A cone is a solid which has a circle at its base and a slanting lateral surface that converges at the apex. Its dimensions are defined by the radius of the base (r), the height (h) and the slant height (l).

Also Read : Surface Area of Cone – Formula & Examples

## Formula for Volume of Cone

Volume of Cone = \(1\over 3\) \(\pi r^2 h\)

where r is the base radius and h is the height of the cone.

**Example** : The height and the slant height of a cone are 21 cm and 28 cm respectively. Find the volume of the cone.

**Solution** : Here h = 21 and \(l\) = 28

We know that, \(l^2\) = \(r^2\) + \(h^2\).

\(\implies\) \(r^2\) = \(l^2\) – \(h^2\)

\(\implies\) r = \(\sqrt{ 28^2 – 21^2}\) = \(7\sqrt{7}\)

So, Volume of the Cone = \(1\over 3\) \(\pi r^2 h\)

= \(1\over 3\) \(\pi \times 343 \times 21\)

= 7546 \(cm^3\)

**Example** : In a marriage ceremony of her daughter Poonam, Ashok has to make arrangements for the accommodation of 150 persons.
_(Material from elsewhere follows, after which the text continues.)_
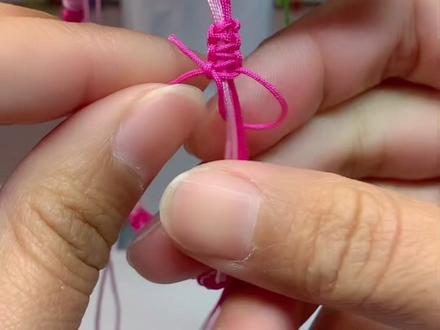 玫瑰花手绳教程分享#手工编织 #零基础学编绳 #手工爱好者 #玫瑰花手绳教程 #72号玉线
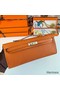 Hermes Kelly Cut Handmade Bag in Orange Epsom Calfskin Replica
For this purpose, he plans to build a conical tent in such a way that each person has 4 sq. meters of the space on ground and 20 cubic meters of air to breath. What should be the height of the conical tent ?

**Solution** : Let the height of the conical tent = h metre.

Radius of the base of the cone = r meter.

The tent has to accommodate 150 persons.

The space required by each person on the ground = 4 \(m^2\)

And the amount of air = 20 \(m^3\)

\(\therefore\) Area of the base = 150 \(\times\) 4 = 600 \(m^2\)

\(\implies\) \(\pi r^2\) = 600 \(\implies\) r = 13.817 m

Volume of the air required for 150 persons = 150 \(\times\) 20 = 3000 \(m^3\)

\(\implies\) \(1\over 3\) \(\pi r^2 h\) = 3000 \(m^3\)

\(\implies\) h = \(3000 \times 7 \times 3\over 22 \times (13.817)^2\) = 15 m

Hence the height of the conical tent is 15 m.